Das Andocken mittels Pantographen hat sich in der Praxis als zuverlässig erwiesen. So sind die an Masten aufgehängten Hauben etwa 90 x 100 cm groß, so dass die Fahrer nach rechts und links jeweils einen Spielraum von 50 cm haben; durch die abgeschrägten Flächen findet der Pantograf schnell den Kontakt in der Mitte. Meldet das System dennoch einen Fehler, hat der Fahrer zwei weitere Anfahrversuche, danach wird automatisch das Serviceteam von VDL informiert, so dass eine zeitnahe Reaktion ohne Einbußen im Umlaufplan erfolgt. Notfalls stehen Ersatzfahrzeuge bereit, da grundsätzlich nur 39 der 43 neuen Gelenkbusse gleichzeitig im Einsatz sind. Ein Monitoring mittels Internet ist in Vorbereitung, so dass sich künftig Disponent und Serviceteam online über die Funktion der Flotte informieren können.

[Bild:4] Bahnstrom angezapft Ein abgeschlossener Bereich in der Fahrzeughalle bildet das Herzstück der Anlage; mit zahlreichen Transformatoren und noch leeren Reihen, die bereits auf die komplette Umstellung bis Ende 2024 ausgerichtet sind.
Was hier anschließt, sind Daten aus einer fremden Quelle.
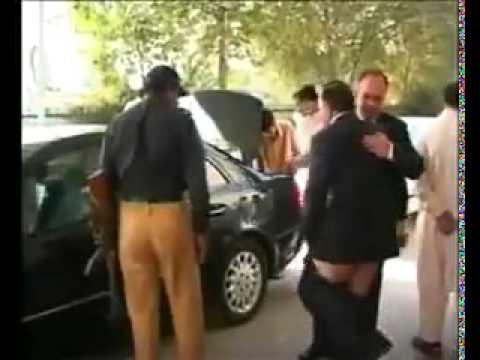 Mann Zieht Frau Hose Runter Mann Zieht Frau Hose Runter
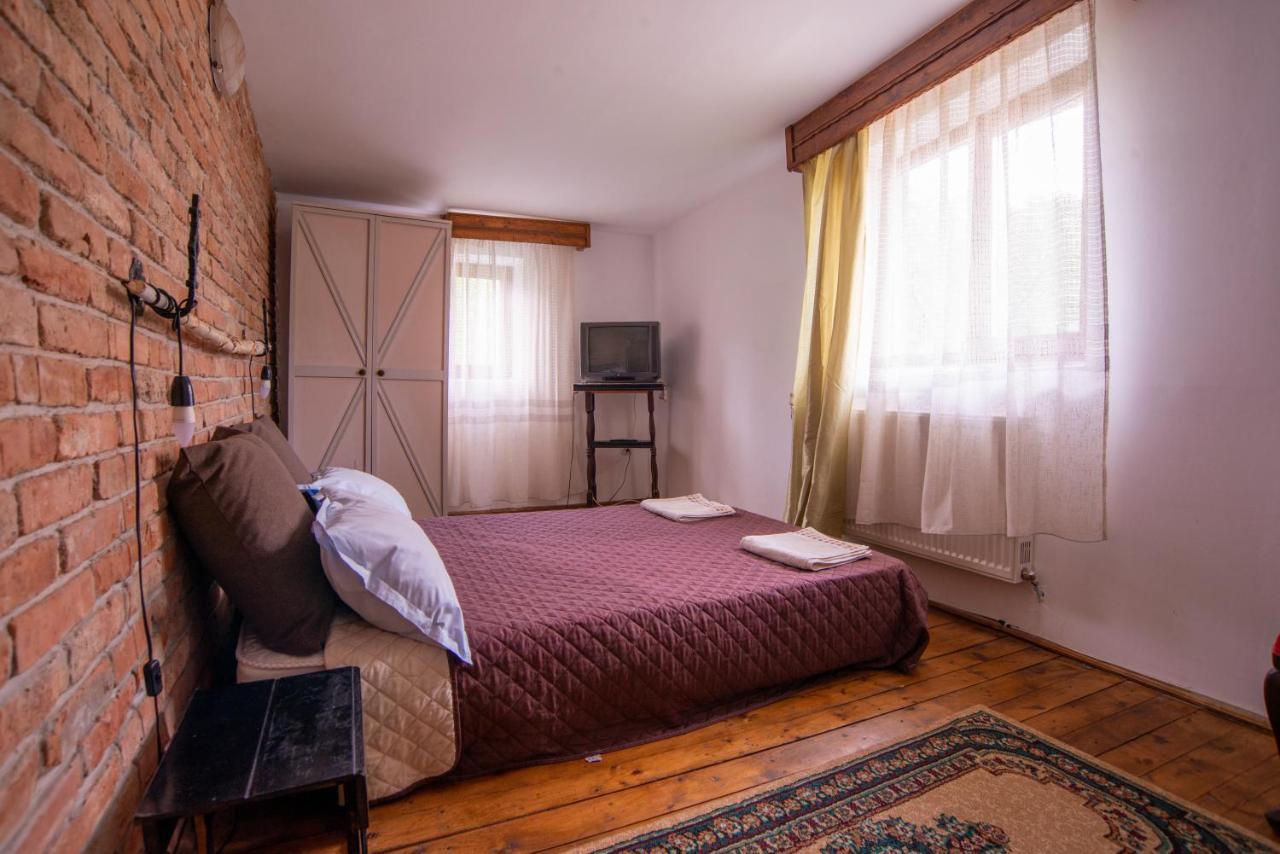 Surasul Muntelui Apartment Dragoslavele Luaran gambar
Der nötige Strom wird über eine Kabelanbindung vom angrenzenden Bahnbetrieb „abgezapft“, wo ausreichend Reserven vorhanden sind. Dies scheint eine ausgesprochen rationelle Lösung zu sein, die sich, die nötige Bereitschaft vorausgesetzt, auch in anderen Regionen und Ländern anbieten dürfte. Denn die Stromversorgung ist immer wieder ein heikles Thema bei der Umstellung auf E-Bus-Flotten. Ganz wichtig: Da im Depot mit Starkstrom hantiert wird, hat man bei der Planung Feuerwehr und Polizei mit eingebunden.
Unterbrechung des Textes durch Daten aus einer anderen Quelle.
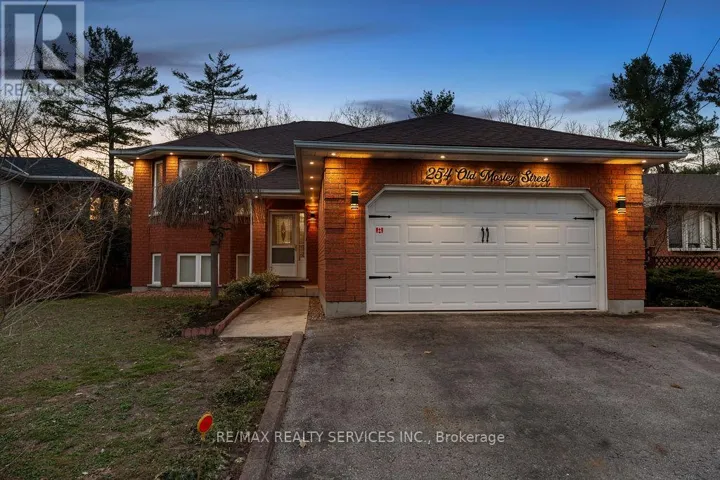 254 OLD MOSLEY STREET, Wasaga Beach, Ontario L9Z2H8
[Bild:5] Überzeugende Darstellung Die enge Zusammenarbeit mit Hermes – VDL obliegt die Systemverantwortung – hat dazu beigetragen, dass die E-Busflotte mit einer Verfügbarkeit von 95 Prozent glänzen kann. Lohnend dürfte der Weg nach Eindhoven für interessierte Busbetreiber sein – im Hermes-Depot gibt man sich offen. Zudem verfügt VDL Bus & Coach mit Sitz im nahem Valkenswaard durch seine bisherigen E-Bus-Aktivitäten über viel Erfahrung. Jüngster Großauftrag: 100 SLFA Electric Gelenkbusse für den ÖPNV-Betreiber Connexxion.
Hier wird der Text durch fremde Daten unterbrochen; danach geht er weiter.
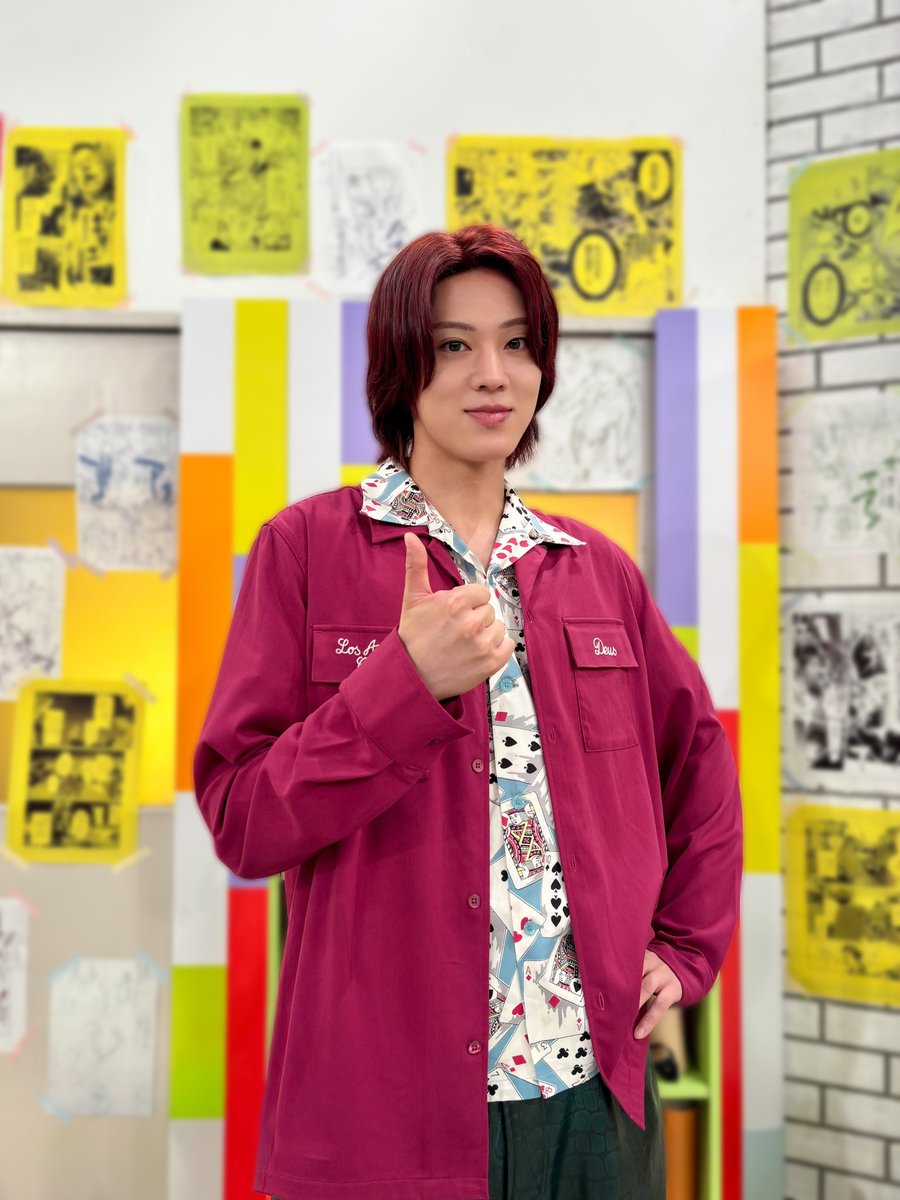 jr_official_X's tweet photo. 今日深夜00:45から放送の
『 #バズマンTV 』に #ACEes より 
#佐藤龍我 が出演します💛

" 異世界漫画クイズ "をお届け📚

ぜひご覧ください‼︎ https://t.co/CidPzBRkdA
[Bild:6] Vielseitig aufgestellt: VDL Bus & Coach Das Stadtbus-Segment umfasst die Baureihe Citea in Niederflur- und Low-Entry-Bauweise als Solo- und Gelenkvarianten in den Längen 9,95 bis 18,75 m; darunter auch die speziellen LLE-Typen in Leichtbauweise mit reduziertem Gesamtgewicht. Es werden ausschließlich stehende Motoren von Cummins und DAF sowie Getriebeautomaten von ZF und Voith verwendet. Nahezu genauso vielseitig ist die Palette an Citea-Elektrobussen („E-Worker“), die von den Dieselvarianten abgeleitet worden sind. Darüber hinaus zählen die Hochboden- und Reisebusse vom Typ Futura in drei Bauhöhen (einschl. Doppeldecker) und in den Längen 10,6 bis 14,2 m zum Angebot (DAF-Motoren, ZF-Getriebe). Mini– und Midibusse (Basis MB Sprinter, VW Crafter) in Stadt- und Clubausführung sowie Taxi- und Rollstuhlfahrzeuge runden die Palette ab. Für Aufbauer liefert VDL Fahrgestelle in modularer Ausführung.

Ansprechpartner für den Vertrieb in Österreich ist Karl H. Martin (k.martin@vdlbuscoach.de), der in die Organisation der deutschen Niederlassung in Büren integriert ist. Das Service- und Werkstattnetz in Österreich umfasst derzeit 10 Werkstattpartner landesweit und wird sukzessive ausgebaut. VDL verspricht – auch international – eine schnelle Ersatzteilversorgung.